Autumn Larch Farm LLC in the news

http://www.agriview.com/news/livestock/architect-farmer-builds-local-foods-connections/article_3f86cae2-2b85-584a-af0e-2991ea846b4f.html

purses hang on fence

Photo by Jane Fyksen

November 26, 2015 1:00 am  • 

PRENTICE, Wis. – Previously a commercial architect living in downtown Chicago, Jane Hansen moved with her husband, Chris Wallner, to Price County 15 years ago — to become a farmer.

She’s still building, but now she’s building connections in the local-foods arena. Though she stepped down as coordinator of the Wisconsin Local Food Network in April, she remains active and looks forward to the 10th-annual Wisconsin Local Food Summit, to be held Jan. 14-15, 2016, at the Blue Harbor Resort in Sheboygan Falls. She helped plan the first nine summits.

“We are excited that Jane will be assisting us in bringing local food to our state convention in January,” said Lloyd of Wisconsin Farmers Union’s Jan. 29-31 gathering at the Radisson Paper Valley Hotel in Appleton. “It is a priority for our members to directly support farmers and the local economy by buying local food for our meals together.”

Hansen raises sheep and poultry, and direct-markets artisan wool products and more. She named her farm Autumn Larch for swamp-loving Tamarack trees in the Larch family. The trees produce a second round of golden color in the fall after hardwoods have lost their leaves.

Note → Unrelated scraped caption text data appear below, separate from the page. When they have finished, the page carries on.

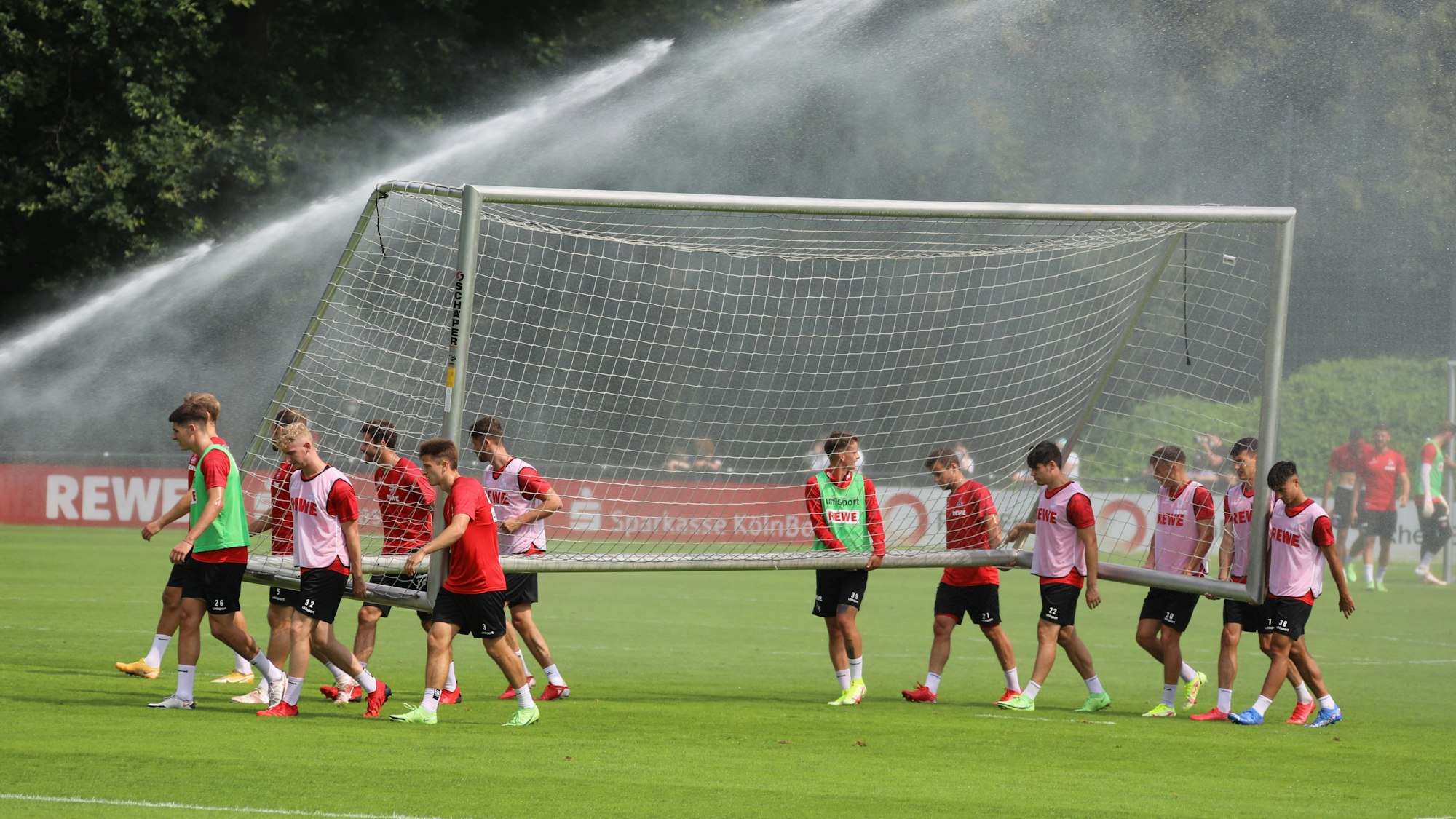 Der 1. FC Köln trainiert am Geißbockheim.
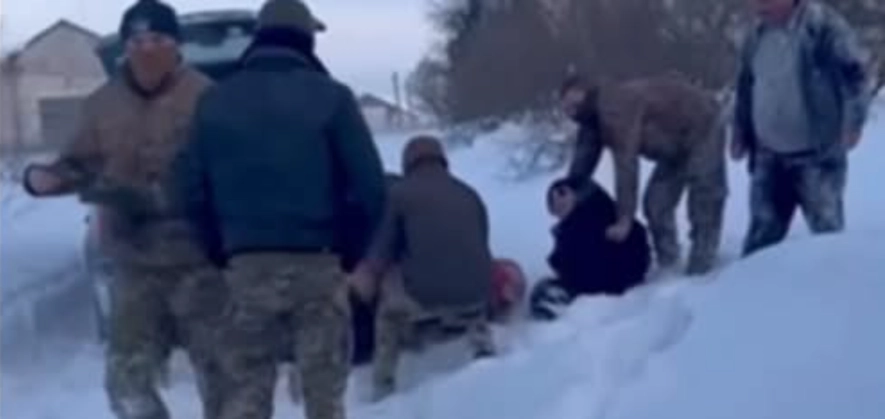 Урок пам’яті в тернопільській школі: дітям полеглого воїна вручили символічні годинники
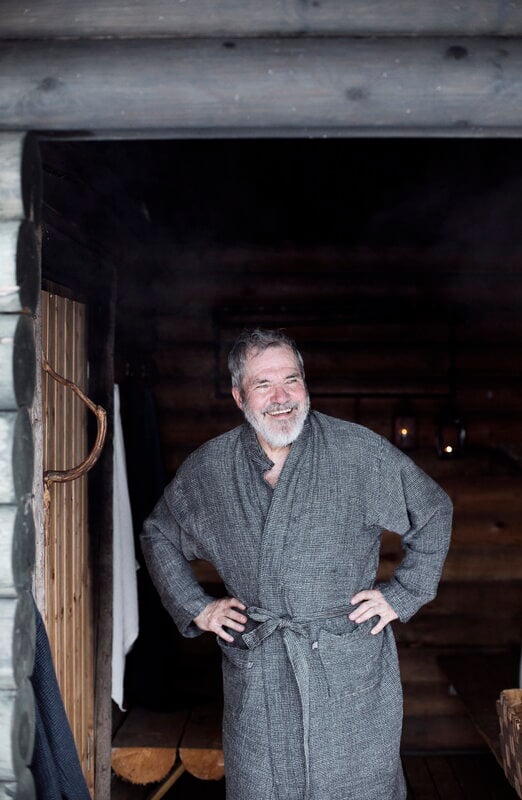Lapuan Kankurit Terva bathrobe, black - graphite, decoration image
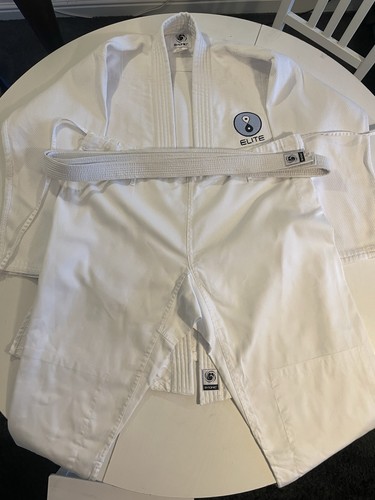 White bjj martial arts - bjj, gi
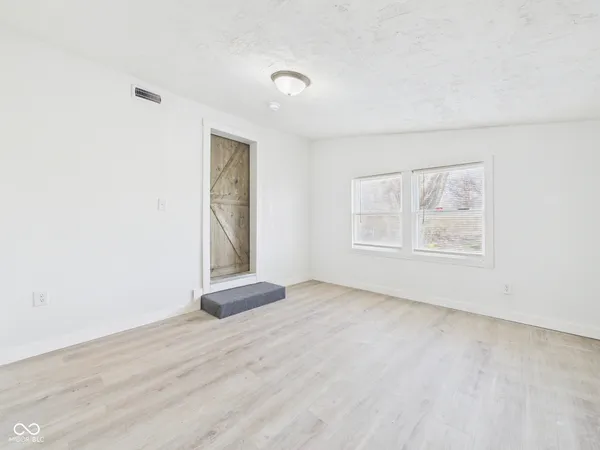 $129,900 | 1725 Hunter Avenue, New Castle, IN 47362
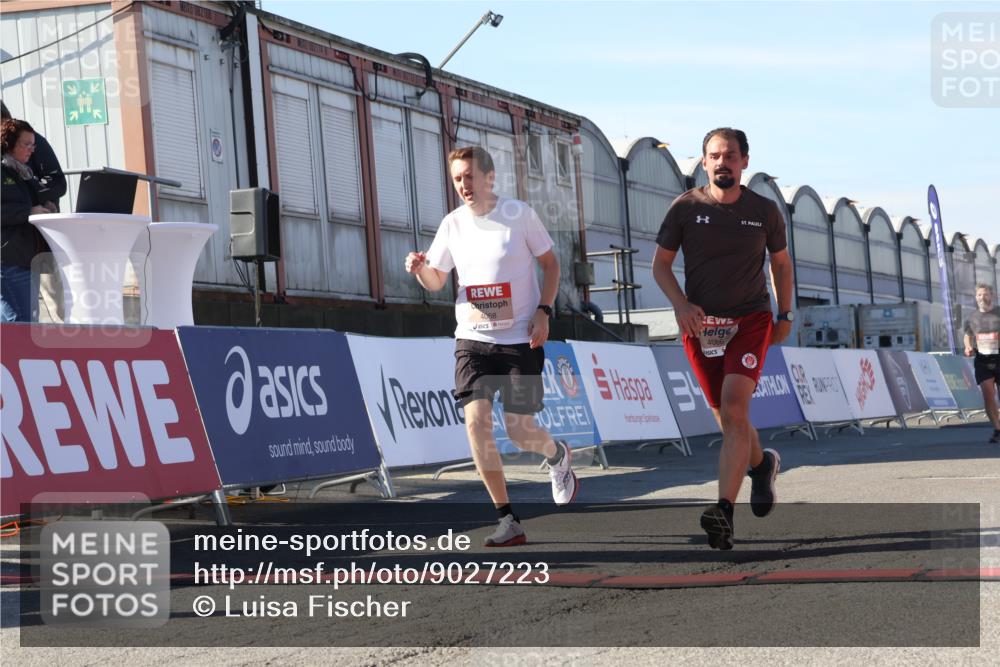 03.10.2025 - Köhlbrandbrückenlauf Luisa Fischer http://msf.ph/oto/9027223 03.10.2025 12:56:58 Ziel 4042, 4068, 4086, 4115, 4491, 5846, 5962, 6016, 6417 meine-sportfotos.de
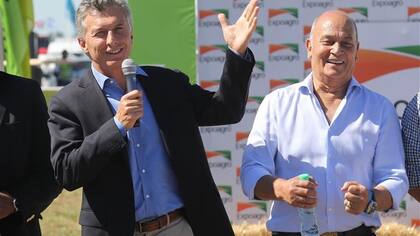 Macri y Venegas el mes pasado en Expoagro; volverán a juntarse mañana en el microestadio de Ferro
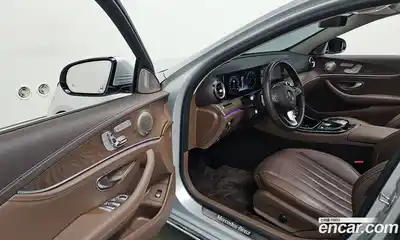 Mercedes-Benz E-Class 2017 2.0 Автомат в Москве № 160689, миниатюра 4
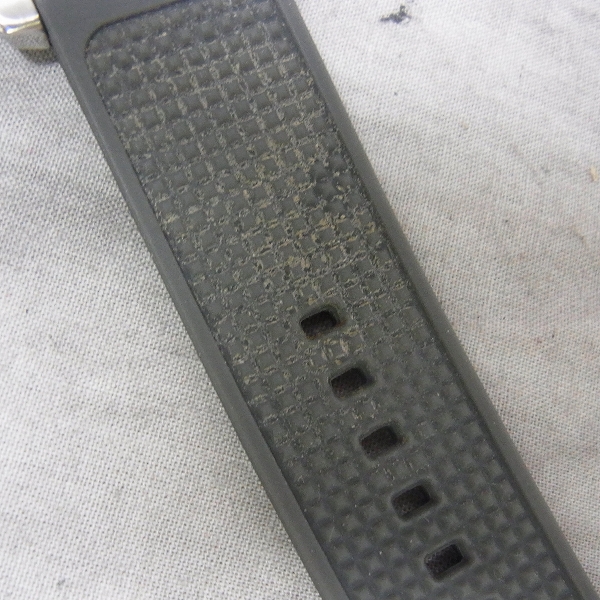 実際に弊社で買取させて頂いたA/X アルマーニ エクスチェンジ ザチャロ クロノグラフ ラバーベルト 腕時計 AX1251 【動作未確認】の画像 5枚目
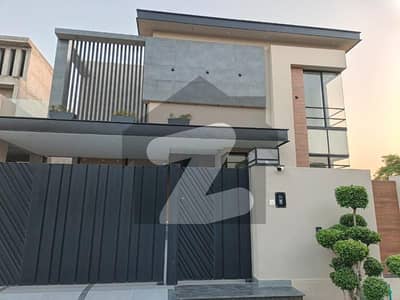 ڈی ایچ اے فیز 6 ڈیفنس (ڈی ایچ اے),لاہور میں 5 کمروں کا 1 کنال مکان 3.9 لاکھ میں کرایہ پر دستیاب ہے۔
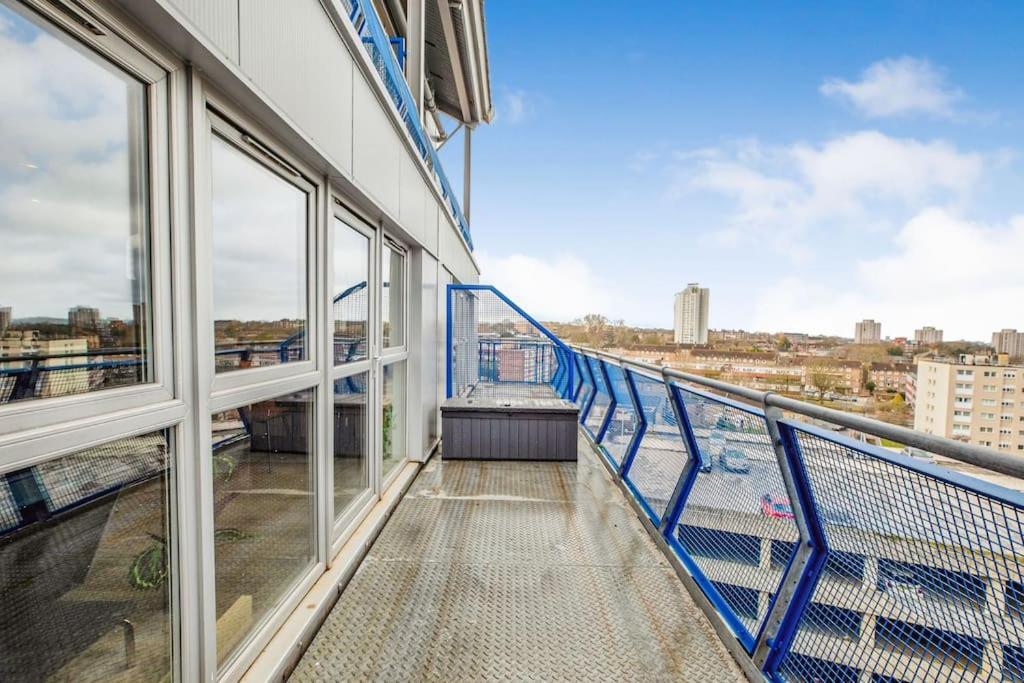 Spacious 2 Bed Flat - Woolwich - Elizabeth Line London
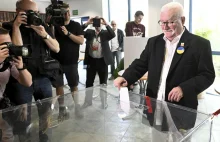 Wybory sfałszowane. Walęsa nie ma watpliwości.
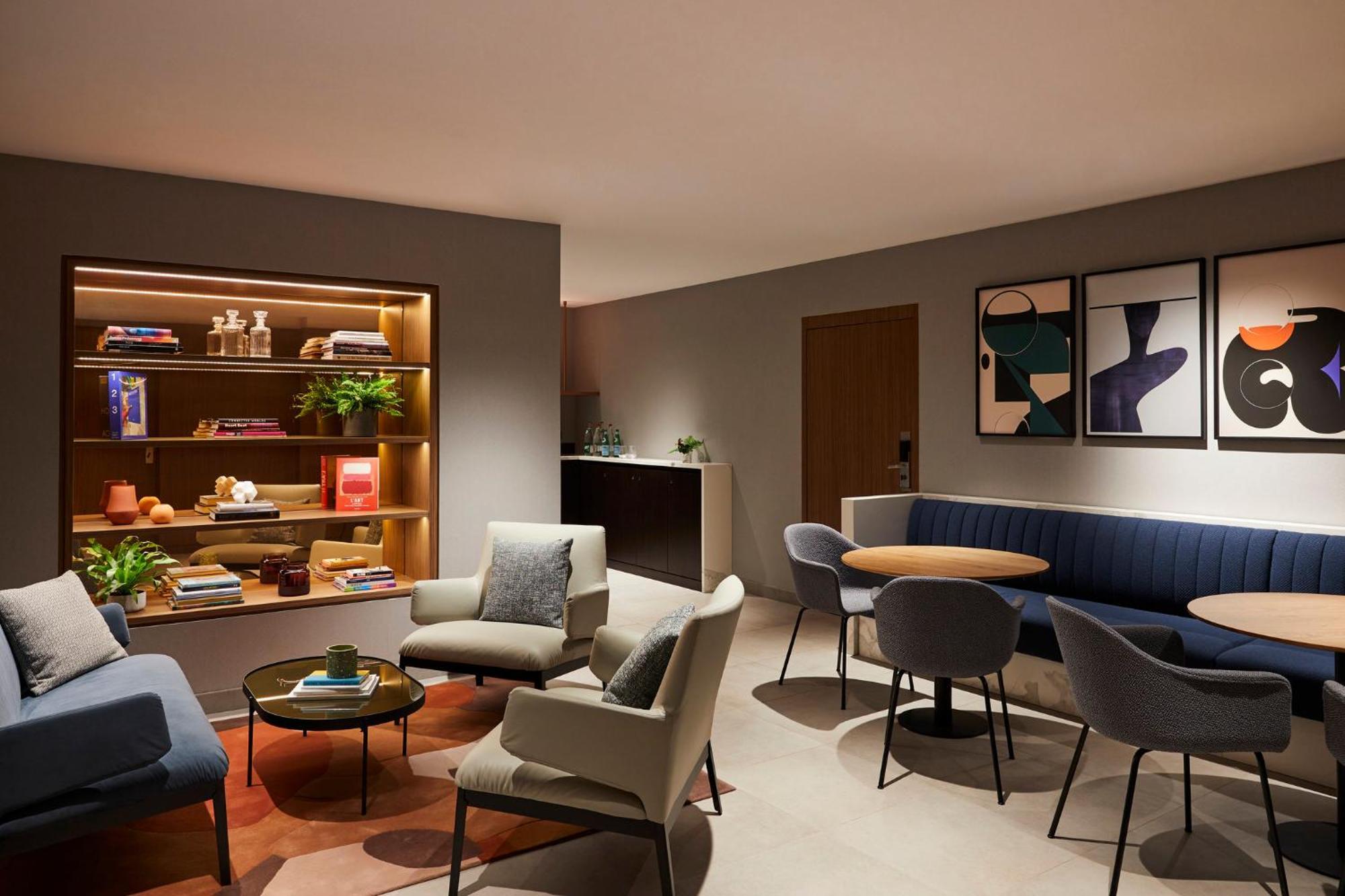 Hotel Crowne Plaza Republique By Ihg Paris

The farm’s sheep are Coopworth, a breed from New Zealand that originated from mating Border Leicester and Romney.

“It’s a strong dual-purpose breed,” she said of high-quality wool and meat production.

The hardy breed fits her pasture-based management, which includes wintering outside with woods as windbreak. Although not certified organic, Hansen uses garlic to boost sheep immunity and stave off internal parasites. Year-round she feeds fresh-ground garlic in grain once a week, at the rate of one to two cloves per head per week. She deworms ewes by drenching with garlic juice. Each 150-pound ewe receives 5 cubic centimeters each of garlic juice and aloe juice with 20 cubic centimeters of water.

An avid learner and armchair researcher, Hansen uses an herbal “antibiotic” called artemesia annua — known as wormwood or sweet annie – to control liver fluke in her sheep.

“These are things I’m dabbling in,” she said. “It’s part of the buckshot I use to try to solve problems.”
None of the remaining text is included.